Consensus Paper: Experimental Neurostimulation of the Cerebellum.

Cerebellum 2019 Dec;18(6):1064-1097

Department of Pathology and Immunology, Department of Neuroscience, Program in Developmental Biology, Baylor College of Medicine, Jan and Dan Duncan Neurological Research Institute of Texas Children's Hospital, 1250 Moursund Street, Suite 1325, Houston, TX, 77030, USA.

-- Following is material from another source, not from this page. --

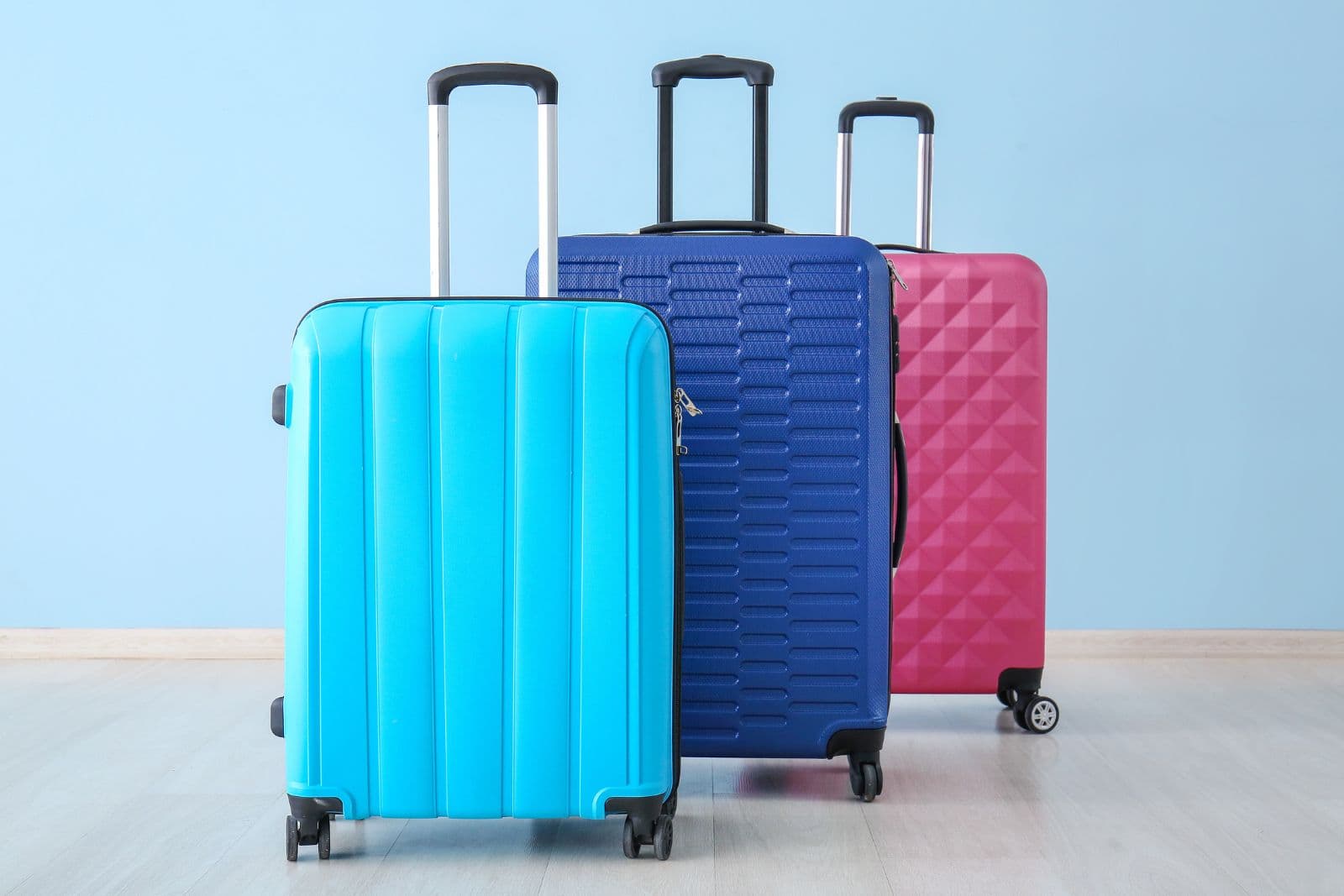 Hardshell luggage in trendy teen colors and patterns against a light blue wall. Three suitcases are offset from each other, one is teal with wide vertical lines, one is navy with a horizontal line pattern and one is fuscia with a diamond pattern. All have wheels and extended handles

The cerebellum is best known for its role in controlling motor behaviors. However, recent work supports the view that it also influences non-motor behaviors. The contribution of the cerebellum towards different brain functions is underscored by its involvement in a diverse and increasing number of neurological and neuropsychiatric conditions including ataxia, dystonia, essential tremor, Parkinson's disease (PD), epilepsy, stroke, multiple sclerosis, autism spectrum disorders, dyslexia, attention deficit hyperactivity disorder (ADHD), and schizophrenia. Although there are no cures for these conditions, cerebellar stimulation is quickly gaining attention for symptomatic alleviation, as cerebellar circuitry has arisen as a promising target for invasive and non-invasive neuromodulation. This consensus paper brings together experts from the fields of neurophysiology, neurology, and neurosurgery to discuss recent efforts in using the cerebellum as a therapeutic intervention. We report on the most advanced techniques for manipulating cerebellar circuits in humans and animal models and define key hurdles and questions for moving forward.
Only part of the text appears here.